Цезарь посмотрел на Лабиена, который возвращался в базилику Семпрония. Тот сжал губы и почти незаметно кивнул, сообщая другу, что большой зал действительно заполняется людьми, как того и хотел Цезарь.
Юный обвинитель возобновил речь:
– Но если я заявил, что не сомневаюсь в беспристрастности членов суда, на каком основании я требую отвода его председателя? Причина проста: я это делаю ради Рима, Рим превыше всего; благополучие родины и безопасность государства для меня важнее, чем любая тяжба и любое разбирательство, происходящие в этих стенах. В чем главная трудность сегодняшнего Рима? Какова величайшая из грозящих нам неприятностей? – Он снова умолк, сделал полный оборот вокруг своей оси, увидел, что людей стало еще больше, и наконец выдвинул главное основание для отвода: – Серторий.

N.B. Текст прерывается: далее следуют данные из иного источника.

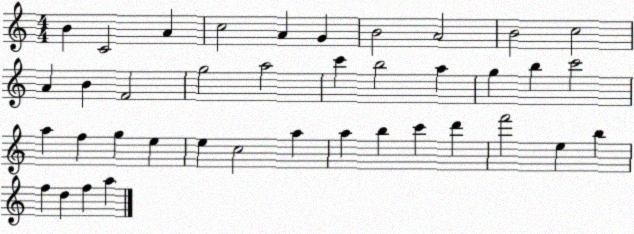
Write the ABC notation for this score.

X:1
T:Untitled
M:4/4
L:1/4
K:C
B C2 A c2 A G B2 A2 B2 c2 A B F2 g2 a2 c' b2 a g b c'2 a f g e e c2 a a b c' d' f'2 e b f d f a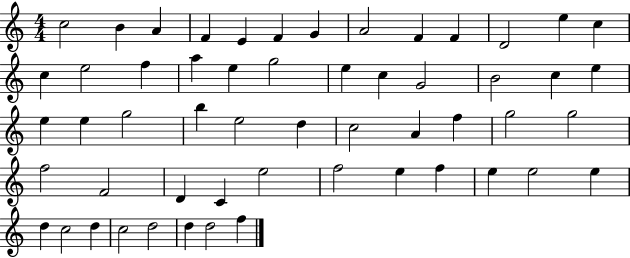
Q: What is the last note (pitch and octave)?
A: F5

Имя помощника Мария, возглавившего мятеж испанских легионов, человека, которого Метелл пытался одолеть в течение двух лет, но над которым так и не одержал очевидной победы, заставило всех замолчать. Плебеи благоговейно притихли: никто в Риме не осмеливался называть имя Сертория, изгнанного вождя популяров, партии, которая отстаивала интересы плебса, и все же молодой законник только что произнес его в середине базилики. Во время суда, посреди Римского форума. Судьи, сенаторы-оптиматы, тоже настороженно молчали, ожидая, к чему клонит обезумевший молодой обвинитель. Возможно, он добавит что-нибудь, позволяющее издать senatus consultum ultimum о его аресте и немедленной казни. Это был бы отличный способ завершить проклятый процесс.
Стоя в толпе, Аврелия сжала руку Корнелии, и та поняла, что свекровь не на шутку обеспокоена: Цезарь нарушил негласное правило, касавшееся того, о чем можно говорить на суде в Риме, управляемом оптиматами.

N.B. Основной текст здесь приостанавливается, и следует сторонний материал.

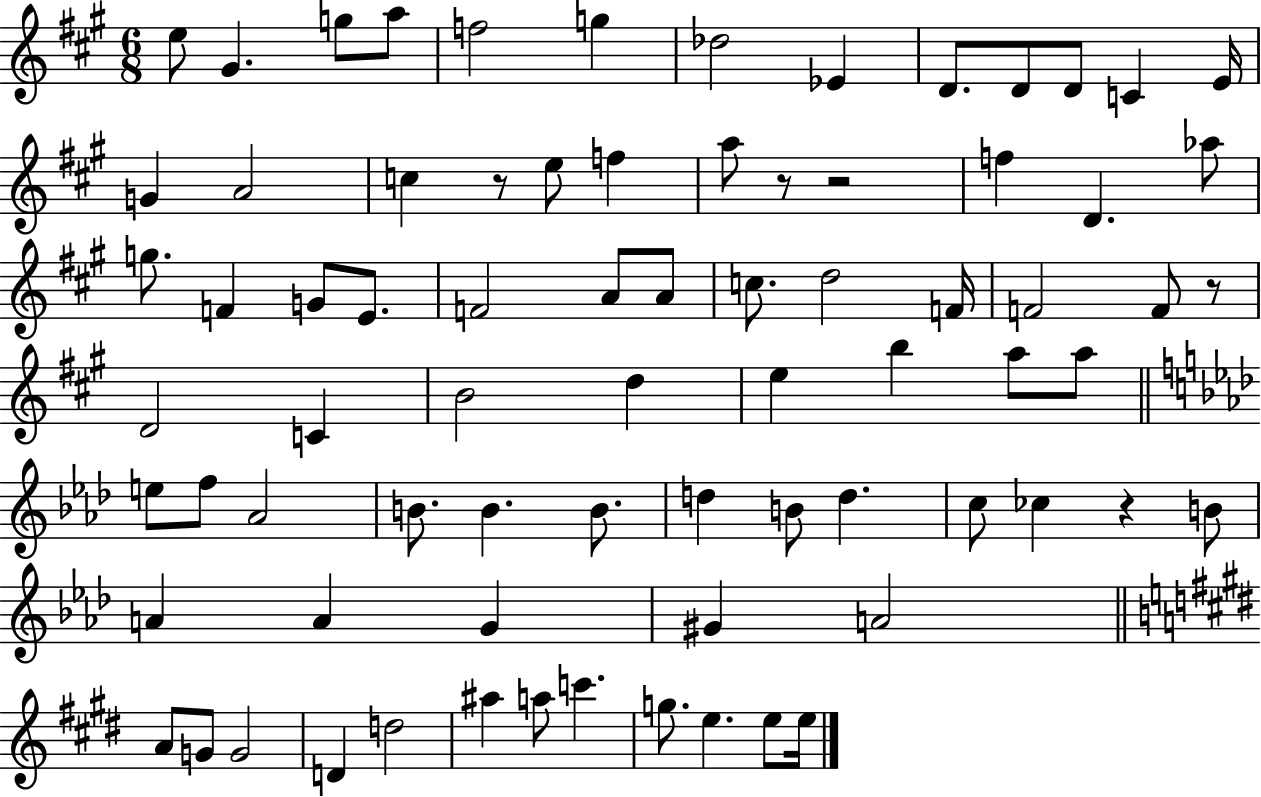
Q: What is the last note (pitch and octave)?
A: E5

Цезарь прекрасно знал, какое впечатление произвели его слова.
Он чувствовал напряжение; он знал, что должен рассчитать силу своего удара.
– Сожалею, уважаемые судьи, о том, что я назвал имя Сертория, но не упоминать об источнике наших бед – значит не желать их прекращения.
Говорить о Сертории как о «беде» ни в коей мере не было преступлением в глазах оптиматов. Даже наоборот. Чего добивается обвинитель? Они терялись в догадках.